## AVAILABLE DATA
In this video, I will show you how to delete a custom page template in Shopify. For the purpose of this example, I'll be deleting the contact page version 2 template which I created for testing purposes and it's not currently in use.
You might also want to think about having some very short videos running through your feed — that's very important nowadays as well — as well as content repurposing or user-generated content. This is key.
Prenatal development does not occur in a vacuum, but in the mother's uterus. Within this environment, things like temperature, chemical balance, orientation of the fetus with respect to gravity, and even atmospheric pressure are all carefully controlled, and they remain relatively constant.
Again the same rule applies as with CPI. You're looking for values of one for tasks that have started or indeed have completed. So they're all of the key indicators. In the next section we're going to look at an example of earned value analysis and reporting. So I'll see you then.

--

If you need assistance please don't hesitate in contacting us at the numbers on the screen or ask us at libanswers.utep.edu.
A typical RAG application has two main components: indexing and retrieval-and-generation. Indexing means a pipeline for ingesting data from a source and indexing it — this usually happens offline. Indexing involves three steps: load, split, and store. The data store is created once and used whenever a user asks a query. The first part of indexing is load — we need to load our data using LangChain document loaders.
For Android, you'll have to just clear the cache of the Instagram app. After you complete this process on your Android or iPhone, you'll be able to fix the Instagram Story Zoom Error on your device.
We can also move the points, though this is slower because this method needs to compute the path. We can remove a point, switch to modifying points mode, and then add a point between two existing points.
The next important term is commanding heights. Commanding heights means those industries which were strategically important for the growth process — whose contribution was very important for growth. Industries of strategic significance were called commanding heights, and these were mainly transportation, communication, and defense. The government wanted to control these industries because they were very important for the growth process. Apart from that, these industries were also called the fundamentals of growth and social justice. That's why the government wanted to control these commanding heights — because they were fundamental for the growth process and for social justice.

## TASK REQUIREMENTS
In the data above, start at the line that has "In this video, I", stop after the line that has "Again the same", and print every line in between exactly as it stands.

## REPLY TO THE EXERCISE
In this video, I will show you how to delete a custom page template in Shopify. For the purpose of this example, I'll be deleting the contact page version 2 template which I created for testing purposes and it's not currently in use.
You might also want to think about having some very short videos running through your feed — that's very important nowadays as well — as well as content repurposing or user-generated content. This is key.
Prenatal development does not occur in a vacuum, but in the mother's uterus. Within this environment, things like temperature, chemical balance, orientation of the fetus with respect to gravity, and even atmospheric pressure are all carefully controlled, and they remain relatively constant.
Again the same rule applies as with CPI. You're looking for values of one for tasks that have started or indeed have completed. So they're all of the key indicators. In the next section we're going to look at an example of earned value analysis and reporting. So I'll see you then.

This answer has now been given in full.